# What is your opinion of the new L shaped diner



## 98316 (Mar 25, 2006)

Hi, we have been wondering what the general concensus is about the new L shaped dinnette that Swift have in some of their motorhomes.

We have the E495 which has the 'railway carriage' set up with two forward facing and two rear facing seats in the diner area. However we would like possibly to upgrade to the 700 series but have been put off by the new front design as we thought it wasn't practical.

Then the other night laying there as you do at 2.30 am unable to sleep it did suddenly occur to me that one advantage would be that if using it as a bed there would be no limit on the length of the bed, i.e. your feet would not be kicking the rear facing back of the seat, as I find they do tend to do now.

So if anyone has one of the new style layouts how are you finding it? We know there is no fixed table and only a freestanding one so how does it work out when you are cooking etc? Do you find the extra floor space more practical or would you prefer the old style layout instead? This is the only thing standing between us and upgrading to the better insulated 700 series so would apprecaite any feedback or comments. We would be interested in the E795.

I do have one last question, the E785 is listed as a 6 berth but we can't work out where the 6th bed is. We know there is a double bed at the back and a double bed over the cab but the front offside is listed as a single so where is the last bed? 

Thanks in advance to anyone who responds.


----------



## geraldandannie (Jun 4, 2006)

Hi Travelbug

In case anyone wants to see what you're on about, :: here :: is a link to the E795. Hopefully, I'm attaching a photo.

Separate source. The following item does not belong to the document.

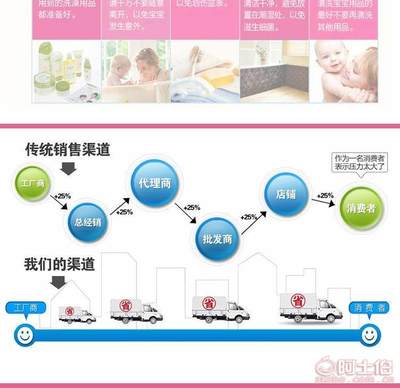 「國強家居亞達超大號兒童洗澡盆」 為寶寶打造安全舒適的沐浴體驗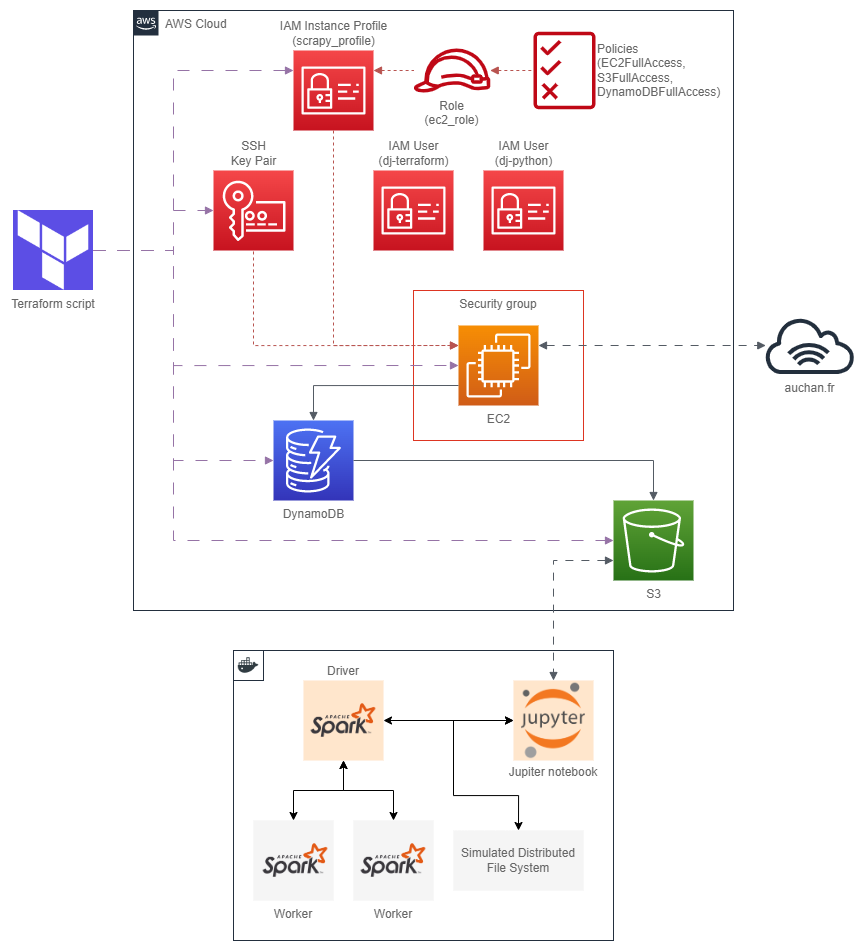 Diagram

Personally, I don't like it. I don't know how the outboard side of the forward-facing settee is supposed to work. And I don't like freestanding tables. One of the things we like about our Chausson (like a number of other 'Eurolounge' models, including some Adrias) is that the table is permanently fixed. On the E795, I think the table would get in the way when you're cooking, so it would be difficult to do something else in the kitchen (e.g. make a cup of tea) with the table up. We looked at one of these in a show, and liked the feeling of space, until we realised that the table was packed away. Put that up, and it's unworkable (in my most humble of opinions).

Another advantage of the semi-fixed table (it can move, and probably be removed if we really wanted) is that there's somewhere to put your wine glasses and beer cans and dishes of nuts and stuff if you're snacking.

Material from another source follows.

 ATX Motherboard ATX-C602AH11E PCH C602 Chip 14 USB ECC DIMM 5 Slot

If I were you, I'd get to a dealer or a show ASAP, and 'go through the motions' of cooking and eating and lounging in the 'living area' of various motorhomes.

God, I love our motorhome! 

Gerald

_Edit- oops, forgot the photo  _


----------



## Rapide561 (Oct 1, 2005)

*L shape diner*

Hi

I have an L shape settee thing, but with another settee opposite. I have only used the table a few times when people have been in here for food and (drinks!). The table is quite large and takes up a lot of room. Most of the time, I use those swing arm coffee table things.

With the 795, I am in agreement with Gerald. I wonder however, is the table "fixed" in the sense of the table top being in one large piece, or does the table have a folding side allowing you to have half of it up?

Go to the dealers, get the table out, and stand by the cooker etc. If there will be two of you in the van when travelling, make sure there are two of you in there when you are "pretending" to cook.

R


----------



## RichardnGill (Aug 31, 2006)

We looked at a 795 recently and decided the front L shape is no good for eating in, the best use is for me to supervise the cooking for there  .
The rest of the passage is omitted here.